Blini are one of the most popular dishes in Russia and the former Soviet Union, and have become a staple at holiday parties and New Year’s gatherings around the world. Their buttery, simple taste is the perfect canvas for a range of toppings. Most commonly, you’ll see blini served with salmon or trout roe, caviar, or smoked fish, like lox. You’ll also find blini topped with a small dollop of smetana (an Eastern European sour cream-creme fraiche hybrid), creme fraiche, or sour cream. The richness of the cream balances the sharp saltiness of the fish. A garnish of fresh dill adds a pop of color and a hint of anise.
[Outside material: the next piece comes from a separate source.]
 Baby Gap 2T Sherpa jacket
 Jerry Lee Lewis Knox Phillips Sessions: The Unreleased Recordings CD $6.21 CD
These pancakes are made with a yeasted dough. They are not to be confused with the thin, crepe-like pancakes used for blintzes, which are also sometimes called blini, or blinchikiin Russian. In this batter, the yeast combined with whipped egg whites make a light and airy pancake. Buckwheat flour is optional, but gives the pancakes a nutty earthiness.
These are a perfect appetizer but I see no objection to having them as a main course, or even for breakfast with sweet topping. They are well-known friends of champagne and cocktails, and whether they feed two or 20, they are inherently festive.